Quarta-feira, 7 de janeiro de 2026
Estado

TJTO decide pela inclusão do Fundeb no cálculo do duodécimo da Câmara de Araguaína

Tribunal manteve decisão que determina ao município repassar valores integrais; diferença acumulada dos últimos cinco anos também deve ser paga

TJTO decide pela inclusão do Fundeb no cálculo do duodécimo da Câmara de Araguaína
TJTO decide pela inclusão do Fundeb no cálculo do duodécimo da Câmara de Araguaína

O Tribunal de Justiça do Tocantins (TJTO) decidiu, por unanimidade, que a Prefeitura de Araguaína deve incluir integralmente as receitas do Fundo de Manutenção e Desenvolvimento da Educação Básica (Fundeb) no cálculo do duodécimo repassado mensalmente à Câmara Municipal.

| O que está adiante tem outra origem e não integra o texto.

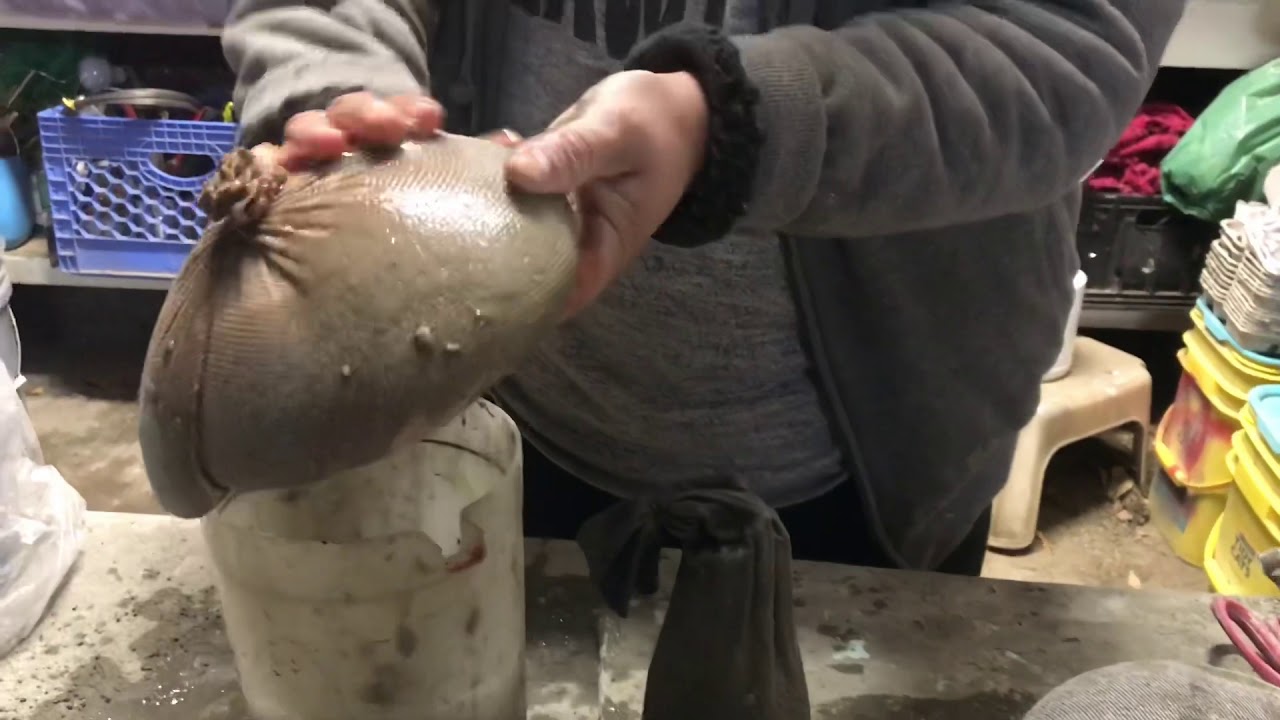 Lindos Hongos 🍄 de Cemento | Marymé Y Sus Creaciones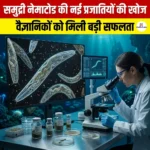 समुद्री नेमाटोड की नई प्रजातियों की खोज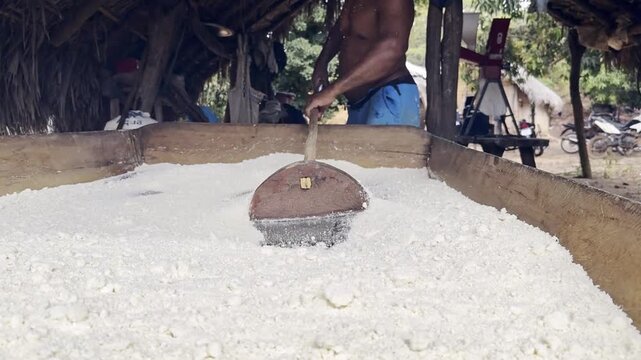 Authentic Raw Brazilian Cassava, Seasonal Harvest, Healthy Natural Diets, Slow Motion, Close-up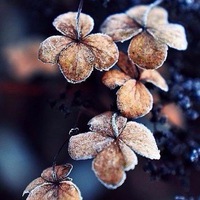 Гульнара Хафизова |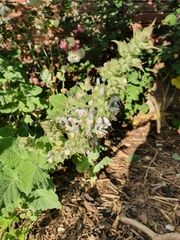 Salvia desoleana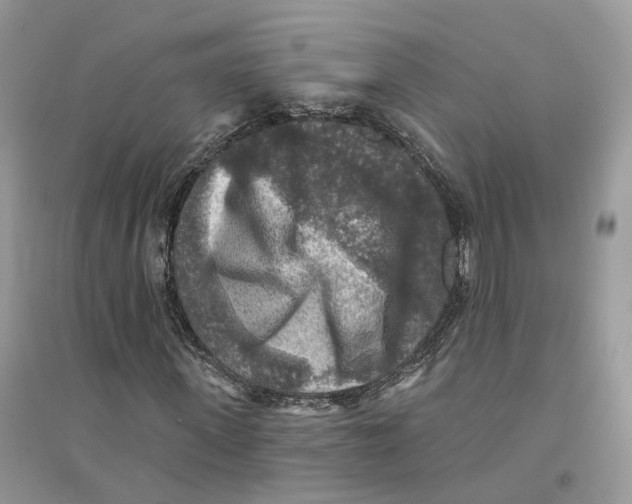 X0000094460915200711291718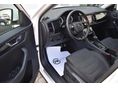 SKODA KODIAQ 2020/11 - 4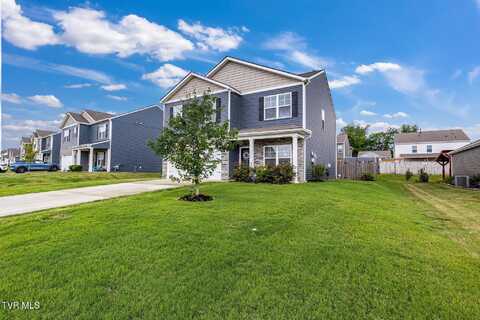 1058 Raccoon Lane, Piney Flats, TN 37686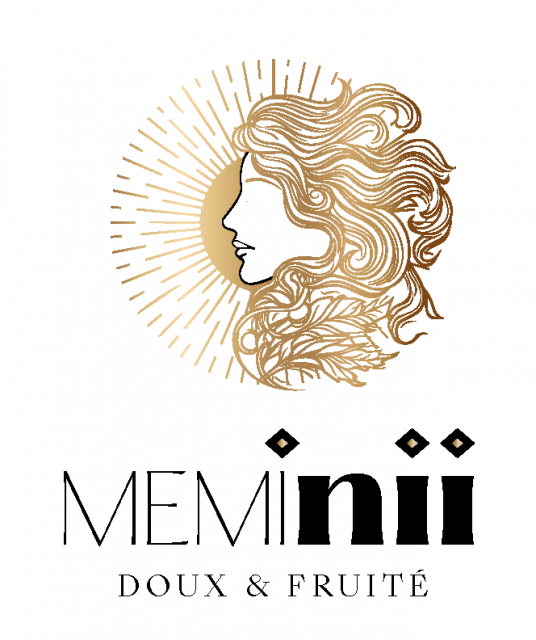 Logo Meminii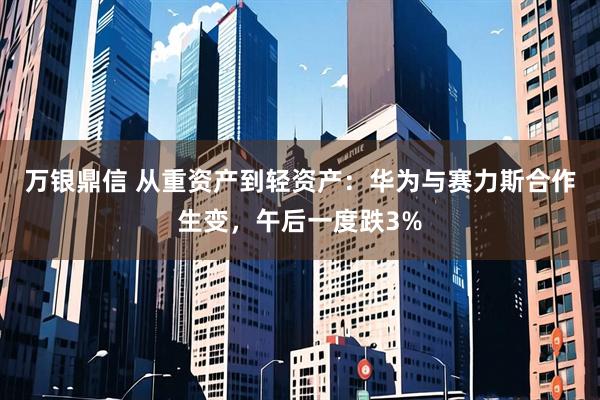 万银鼎信 从重资产到轻资产：华为与赛力斯合作生变，午后一度跌3%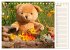 Geliebte Bären - Teddys (Tischkalender... - Bild 13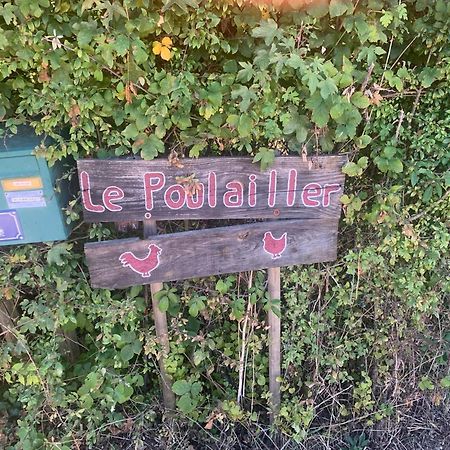 Logement Independant Le Poulailler Proche Guedelon Treigny Exterior photo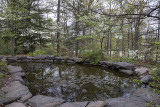 The pond at Lee Garden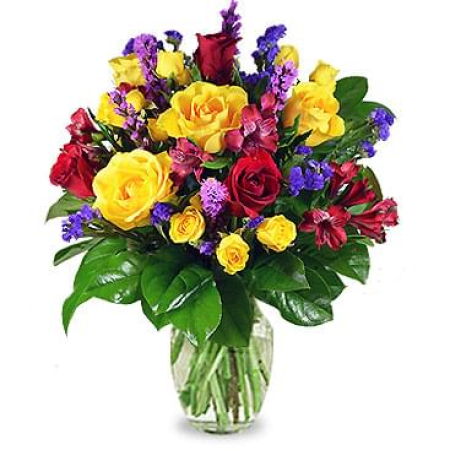 Diversión en el ramo de sol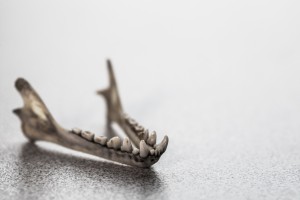 jaw bone with teeth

A análise ocorreu na 1ª Turma da 2ª Câmara Cível, sob a relatoria do desembargador Marco Anthony Steveson Villas Boas, que foi acompanhado pelos desembargadores Eurípedes Lamounier, Carlos Galvão Castro Neto e Ângela Maria Ribeiro Prudente.

Contexto

A Câmara Municipal sustentava que o Executivo vinha realizando repasses abaixo do previsto no artigo 29-A da Constituição Federal, ao excluir os recursos do Fundeb da base de cálculo. Em decisão de primeira instância, a Justiça deu ganho de causa ao Legislativo, determinando não apenas a inclusão do Fundeb nos repasses futuros, mas também o pagamento das diferenças acumuladas nos últimos cinco anos, acrescidas de juros e correção.

O município recorreu, alegando nulidade processual por suposto cerceamento de defesa e afirmando que a inclusão representaria ?pagamento em duplicidade?.

Entendimento do TJTO

O relator rejeitou as alegações do Executivo e destacou que não houve prejuízo processual. Villas Boas lembrou ainda que o Supremo Tribunal Federal já consolidou jurisprudência no sentido de que os valores do Fundeb devem integrar a base de cálculo do duodécimo, entendimento que também vem sendo seguido pelo TJTO em decisões anteriores.

Esclarecimento

A decisão não autoriza o uso do Fundeb pela Câmara Municipal. Os recursos do fundo continuam com destinação exclusiva para a educação. O que muda é que eles passam a compor a receita total do município, que serve de referência para o cálculo do percentual constitucional de repasse ao Legislativo.